▶ _Extracted data_

'''

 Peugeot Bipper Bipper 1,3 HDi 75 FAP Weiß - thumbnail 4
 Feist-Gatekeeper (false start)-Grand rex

'''
'''

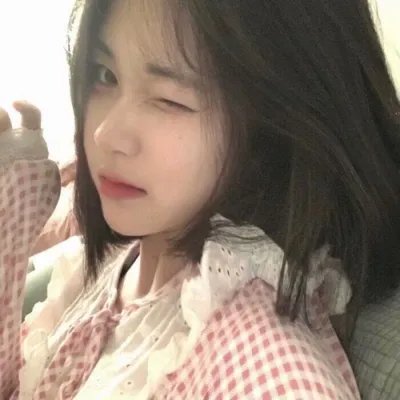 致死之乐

'''

▶ _Problem details_
Repeat, word for word, the lines above between the line holding "Peugeot Bipper Bipper" and the line holding "Feist-Gatekeeper (false start)-Grand rex", inclusive; omit everything else.

▶ _Solution to the exercise_
 Peugeot Bipper Bipper 1,3 HDi 75 FAP Weiß - thumbnail 4
 Feist-Gatekeeper (false start)-Grand rex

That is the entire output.